Extracted material:
- Opening Delimiter -

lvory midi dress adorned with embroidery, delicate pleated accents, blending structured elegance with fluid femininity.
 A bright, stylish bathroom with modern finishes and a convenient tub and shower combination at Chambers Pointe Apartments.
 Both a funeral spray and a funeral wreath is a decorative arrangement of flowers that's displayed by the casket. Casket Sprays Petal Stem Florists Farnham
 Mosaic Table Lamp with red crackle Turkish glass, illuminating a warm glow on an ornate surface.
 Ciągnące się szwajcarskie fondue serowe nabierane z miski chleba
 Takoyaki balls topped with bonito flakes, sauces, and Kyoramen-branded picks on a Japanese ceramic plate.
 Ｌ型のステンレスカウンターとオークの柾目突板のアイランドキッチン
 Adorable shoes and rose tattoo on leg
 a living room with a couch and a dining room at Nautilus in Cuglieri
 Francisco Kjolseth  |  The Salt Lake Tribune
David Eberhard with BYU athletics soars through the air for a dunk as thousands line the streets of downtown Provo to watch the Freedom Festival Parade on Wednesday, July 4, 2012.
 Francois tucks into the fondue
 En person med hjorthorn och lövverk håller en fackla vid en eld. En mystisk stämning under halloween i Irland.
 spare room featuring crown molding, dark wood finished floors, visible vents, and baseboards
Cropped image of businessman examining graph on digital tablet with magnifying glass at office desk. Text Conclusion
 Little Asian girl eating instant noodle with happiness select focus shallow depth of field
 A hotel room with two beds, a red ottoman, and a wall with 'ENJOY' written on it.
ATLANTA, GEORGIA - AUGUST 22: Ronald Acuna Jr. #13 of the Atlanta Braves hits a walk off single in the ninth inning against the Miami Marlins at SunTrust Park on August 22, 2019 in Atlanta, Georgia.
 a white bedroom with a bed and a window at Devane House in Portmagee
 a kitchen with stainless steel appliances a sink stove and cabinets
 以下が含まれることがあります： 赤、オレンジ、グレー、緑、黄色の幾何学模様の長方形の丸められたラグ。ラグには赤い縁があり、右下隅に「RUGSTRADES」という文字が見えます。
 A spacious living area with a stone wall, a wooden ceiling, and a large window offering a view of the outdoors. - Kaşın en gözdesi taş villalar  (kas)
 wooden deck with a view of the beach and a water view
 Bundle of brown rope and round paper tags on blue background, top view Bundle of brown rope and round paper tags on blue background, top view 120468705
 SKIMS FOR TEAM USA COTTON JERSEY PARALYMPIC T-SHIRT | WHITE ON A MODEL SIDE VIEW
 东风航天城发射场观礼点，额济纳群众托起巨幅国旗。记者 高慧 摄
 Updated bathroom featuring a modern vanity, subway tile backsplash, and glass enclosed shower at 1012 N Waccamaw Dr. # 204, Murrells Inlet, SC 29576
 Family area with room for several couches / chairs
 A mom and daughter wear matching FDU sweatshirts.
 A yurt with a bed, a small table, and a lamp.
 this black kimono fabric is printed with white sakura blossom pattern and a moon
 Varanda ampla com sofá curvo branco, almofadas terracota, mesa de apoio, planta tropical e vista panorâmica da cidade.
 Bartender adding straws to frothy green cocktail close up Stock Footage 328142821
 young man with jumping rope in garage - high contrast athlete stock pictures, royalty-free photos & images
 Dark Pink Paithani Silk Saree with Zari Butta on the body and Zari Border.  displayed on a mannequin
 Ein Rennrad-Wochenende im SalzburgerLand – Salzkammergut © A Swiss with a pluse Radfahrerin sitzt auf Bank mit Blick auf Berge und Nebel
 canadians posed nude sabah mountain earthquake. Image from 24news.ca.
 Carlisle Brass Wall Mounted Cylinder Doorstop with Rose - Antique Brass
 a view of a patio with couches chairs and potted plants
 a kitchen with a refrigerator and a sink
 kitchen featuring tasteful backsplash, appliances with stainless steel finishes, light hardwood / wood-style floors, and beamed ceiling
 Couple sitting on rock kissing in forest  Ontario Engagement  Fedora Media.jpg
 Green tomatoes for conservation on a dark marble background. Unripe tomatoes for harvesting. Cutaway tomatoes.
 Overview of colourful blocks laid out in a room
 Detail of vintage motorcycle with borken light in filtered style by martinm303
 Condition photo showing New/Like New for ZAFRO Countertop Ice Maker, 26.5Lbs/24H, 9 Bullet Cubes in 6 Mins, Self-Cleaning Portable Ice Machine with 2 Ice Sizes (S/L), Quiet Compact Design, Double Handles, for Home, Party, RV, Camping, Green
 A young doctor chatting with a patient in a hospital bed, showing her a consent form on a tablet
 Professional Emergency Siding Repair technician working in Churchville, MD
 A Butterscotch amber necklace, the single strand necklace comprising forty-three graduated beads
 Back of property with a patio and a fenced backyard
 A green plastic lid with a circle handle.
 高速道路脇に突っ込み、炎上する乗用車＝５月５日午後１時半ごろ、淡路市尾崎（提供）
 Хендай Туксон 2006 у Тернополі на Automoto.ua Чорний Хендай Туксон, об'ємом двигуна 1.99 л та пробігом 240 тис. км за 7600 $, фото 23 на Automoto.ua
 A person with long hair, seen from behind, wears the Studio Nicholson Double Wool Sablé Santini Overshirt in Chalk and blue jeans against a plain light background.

- Closing Delimiter -

What this task involves:
Find every line of the records holding "living". Answer with the count alone.

Response:
2